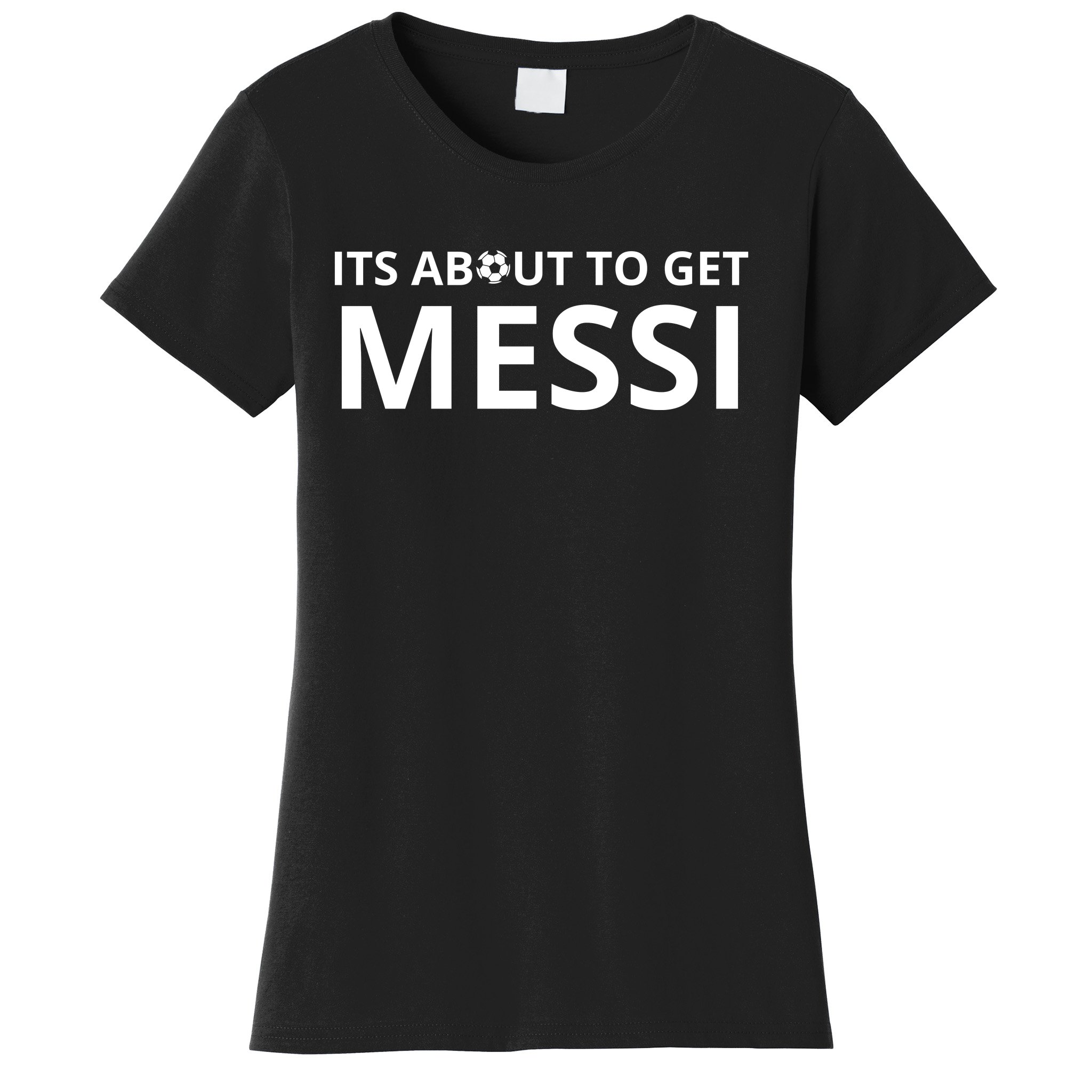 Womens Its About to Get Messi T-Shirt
= = =
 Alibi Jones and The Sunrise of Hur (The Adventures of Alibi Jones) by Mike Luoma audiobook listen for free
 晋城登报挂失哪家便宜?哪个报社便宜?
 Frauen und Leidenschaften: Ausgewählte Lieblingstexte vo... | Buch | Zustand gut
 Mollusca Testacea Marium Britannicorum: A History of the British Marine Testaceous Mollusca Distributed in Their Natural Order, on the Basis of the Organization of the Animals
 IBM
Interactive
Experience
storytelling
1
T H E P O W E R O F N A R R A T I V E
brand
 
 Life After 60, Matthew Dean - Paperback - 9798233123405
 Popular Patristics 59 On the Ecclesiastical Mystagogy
= = =
### [EXERCISE INSTRUCTIONS]
Within the listing above, give again exactly every line from the line with "Alibi Jones and" through the line with "Popular Patristics 59", both included, and no other line.

### [ANSWER FOR THE TASK]
 Alibi Jones and The Sunrise of Hur (The Adventures of Alibi Jones) by Mike Luoma audiobook listen for free
 晋城登报挂失哪家便宜?哪个报社便宜?
 Frauen und Leidenschaften: Ausgewählte Lieblingstexte vo... | Buch | Zustand gut
 Mollusca Testacea Marium Britannicorum: A History of the British Marine Testaceous Mollusca Distributed in Their Natural Order, on the Basis of the Organization of the Animals
 IBM
Interactive
Experience
storytelling
1
T H E P O W E R O F N A R R A T I V E
brand
 
 Life After 60, Matthew Dean - Paperback - 9798233123405
 Popular Patristics 59 On the Ecclesiastical Mystagogy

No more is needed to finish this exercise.